Question

Let in a \( \triangle ABC \), the length of the side AC is 6, the vertex B is \( (1, 2, 3) \) and the vertices A, C lie on the line \[ \frac{x - 6}{3} = \frac{y - 7}{2} = \frac{z - 7}{-2}. \] Then the area (in sq. units) of \( \triangle ABC \) is:

• A. 42
• B. 21
• C. 56
• D. 17

Hint:

To find the area of a triangle in 3D, use the formula \( \frac{1}{2} \times \left| \overrightarrow{AB} \times \overrightarrow{AC} \right| \). Ensure that the coordinates are substituted correctly when finding the vectors and computing the cross product.

Answer 1

The Correct Option is B

Step 1: Parametrize the Line Equation

The given equation of the line is:

\( \frac{x - 6}{3} = \frac{y - 7}{2} = \frac{z - 7}{-2}. \)

Let the common ratio be \( t \). Then the coordinates of points \( A \) and \( C \) on the line can be written as:

\( x = 3t + 6, \quad y = 2t + 7, \quad z = -2t + 7. \)

Thus, the coordinates of \( A \) and \( C \) are parametrized as:

\( A(3t + 6, 2t + 7, -2t + 7) \quad \text{and} \quad C(3s + 6, 2s + 7, -2s + 7). \)

Step 2: Find the Vector \( \overrightarrow{AB} \) and \( \overrightarrow{AC} \)

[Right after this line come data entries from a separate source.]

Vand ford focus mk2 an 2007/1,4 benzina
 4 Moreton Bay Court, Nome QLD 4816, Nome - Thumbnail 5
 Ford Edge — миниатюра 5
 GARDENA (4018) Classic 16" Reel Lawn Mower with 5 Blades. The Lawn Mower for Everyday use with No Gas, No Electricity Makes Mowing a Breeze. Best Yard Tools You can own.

Let \( B(1, 2, 3) \) be the coordinates of point B. Now, the vector \( \overrightarrow{AB} \) is:

\[ \overrightarrow{AB} = (1 - (3t + 6), 2 - (2t + 7), 3 - (-2t + 7)) = (-3t - 5, -2t - 5, 2t - 4). \]

The vector \( \overrightarrow{AC} \) is:

\[ \overrightarrow{AC} = (3s + 6 - (3t + 6), 2s + 7 - (2t + 7), -2s + 7 - (-2t + 7)) = (3(s - t), 2(s - t), -2(s - t)). \]

Step 3: Use the Formula for the Area of a Triangle

The area of triangle \( ABC \) is given by:

\[ \text{Area} = \frac{1}{2} \left| \overrightarrow{AB} \times \overrightarrow{AC} \right|. \]

Now, compute the cross product \( \overrightarrow{AB} \times \overrightarrow{AC} \):

\[ \overrightarrow{AB} \times \overrightarrow{AC} = \begin{vmatrix} \hat{i} & \hat{j} & \hat{k} \\ -3t - 5 & -2t - 5 & 2t - 4 \\ 3(s - t) & 2(s - t) & -2(s - t) \end{vmatrix}. \]

Step 4: Calculate the Determinant and Simplify

After simplifying the determinant, we find the magnitude of the cross product and compute the area. \[ \text{Area} = 21 \, \text{square units}. \]

Answer:

The area of triangle \( ABC \) is 21 square units.